Once in power, all promises cancelled

TOM Mitchell (Letters, October 15) said the conference speech by David Cameron “was just what the Tories needed”.

Of course it was, because Cameron was speaking to the converted at a Tory conference.

Likewise with Ed Miliband, whose “note-less speech” was given to a rapturous Labour crowd.

Now if Cameron were to get the same idol worship at a Labour conference or ‘‘Red Ed’’ stood up in front of a Tory audience and got a standing ovation, I would be mightily impressed.

Cameron and Miliband came out with the usual rubbish of how they will change anything and everything.

Yet once in power, all the promises are cancelled.

This Government of two parties is not a coalition in the true sense, but two parties with nothing in common.

Cameron joined forces with Nick Clegg to get the majority he needed to get into No 10 and promptly proceeded to govern as a Conservative.

The opinion polls have ‘‘Red Ed’’ and his bunch ahead of Cameron’s Tories and the Lib Dems.

The gullible British public will vote ‘‘Red Ed’’ into power at the next General Election because Cameron has proved himself to be a master of the U-turn.

After a lifetime of voting Conservative, I’ll be giving UKIP a crack.

Philip Roe, Roman Avenue South, Stamford Bridge.

Comments(7)

CHISSY1 says...
10:05am Wed 17 Oct 12

"Instead of listening to all the garbage MPs come out with,and they all do,just ask normal people in the street their thoughts on foreign aid".

Mr Happy says...
10:58am Wed 17 Oct 12

You vote UKIP Phil.
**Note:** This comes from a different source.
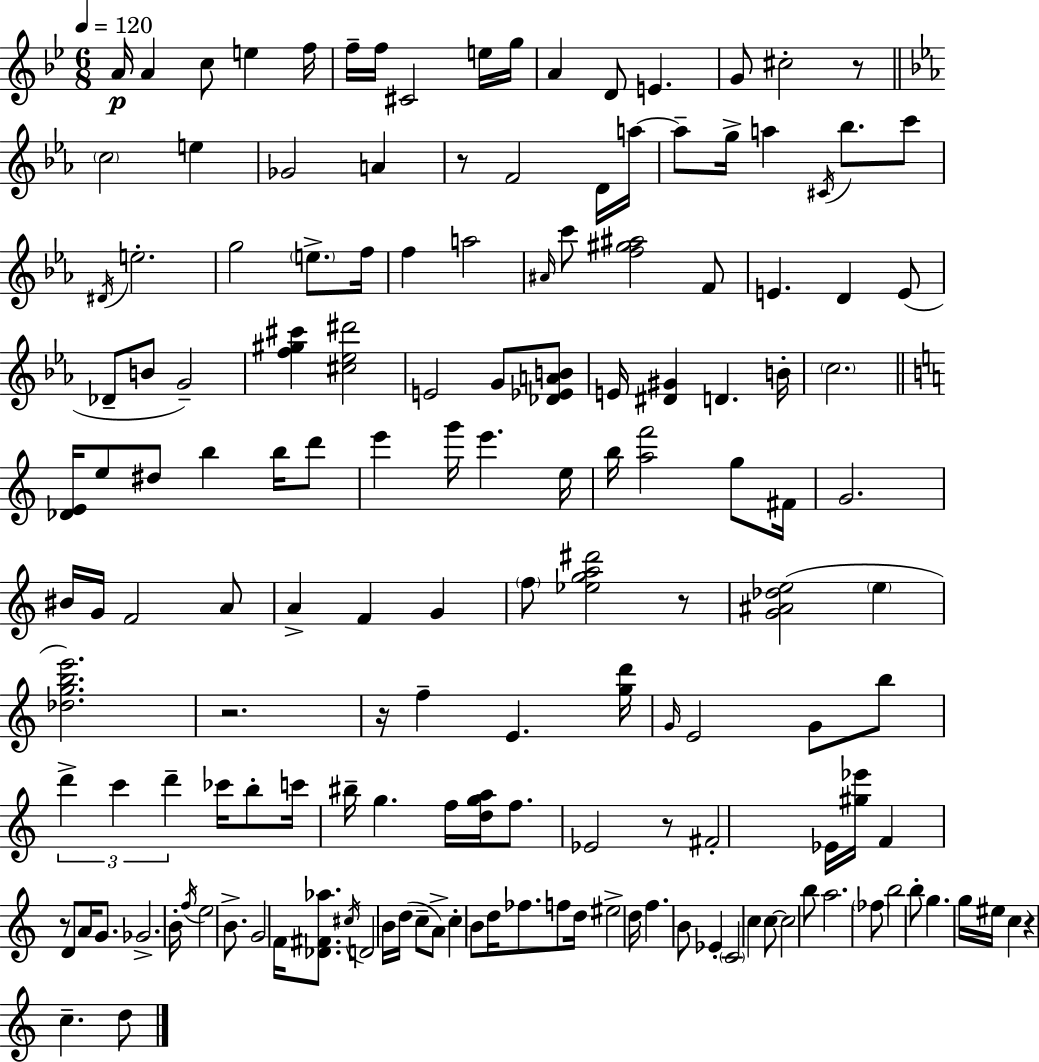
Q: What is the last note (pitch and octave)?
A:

Mind you I don't think it'll matter. This rotten lot in No 10 are on their way at the next election regardless.

Zetkin says...
1:31pm Wed 17 Oct 12

So, the parties are essentially the same, except for the two in government who have nothing in common?

They have in common a fierce desire to make the poorest people in the country pay for a crisis created by their obscenely rich pals in the City.
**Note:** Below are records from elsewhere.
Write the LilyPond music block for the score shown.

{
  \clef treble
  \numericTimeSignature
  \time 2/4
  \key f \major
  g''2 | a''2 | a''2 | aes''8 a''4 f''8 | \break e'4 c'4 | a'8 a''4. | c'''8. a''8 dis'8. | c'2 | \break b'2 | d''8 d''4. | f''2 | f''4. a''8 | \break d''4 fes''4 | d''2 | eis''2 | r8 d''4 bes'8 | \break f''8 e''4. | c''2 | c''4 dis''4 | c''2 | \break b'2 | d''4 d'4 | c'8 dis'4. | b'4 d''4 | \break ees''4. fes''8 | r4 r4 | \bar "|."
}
They have in common a commitment to privatising anything that moves, and quite a few that don't.

The list is huge, but it all involves the Tories and Liberals wanting to **** on the rest of us.

Labour will probably get in at the next election and unfortunately give us another lesson in how similar they are to the Yellow and Blue Tories.

The fight against austerity won't be won in a polling booth, but on the streets and in the workplaces, hence this Saturday's big march in London.

magic cat says...
3:03pm Wed 17 Oct 12

Look no further than York City Council to see that :Labour have reneged on virtually every promise made in their election literature so locally, nationally, what's the difference?

ColdAsChristmas says...
9:23pm Wed 17 Oct 12

Philip, One U Turn that the Con-Libs need to make is that of being the 'greenest government ever.' Like foreign aid, we can't afford it.
Ed Miliband is a carbon phobic too and is very much a part of the problem, setting out impossible targets with his so called 2008 Climate Act.
If these three are the best we can do then the future is most certainly more debt and a gloomy and cold future at that.

PinzaC55 says...
9:28pm Wed 17 Oct 12

Who was it said "You can tell when a politician is lying, his lips move"?

YSTClinguist says...
12:38am Thu 18 Oct 12

I'd sooner vote Monster Raving than UKIP.

Let's see what this Saturday brings to the party.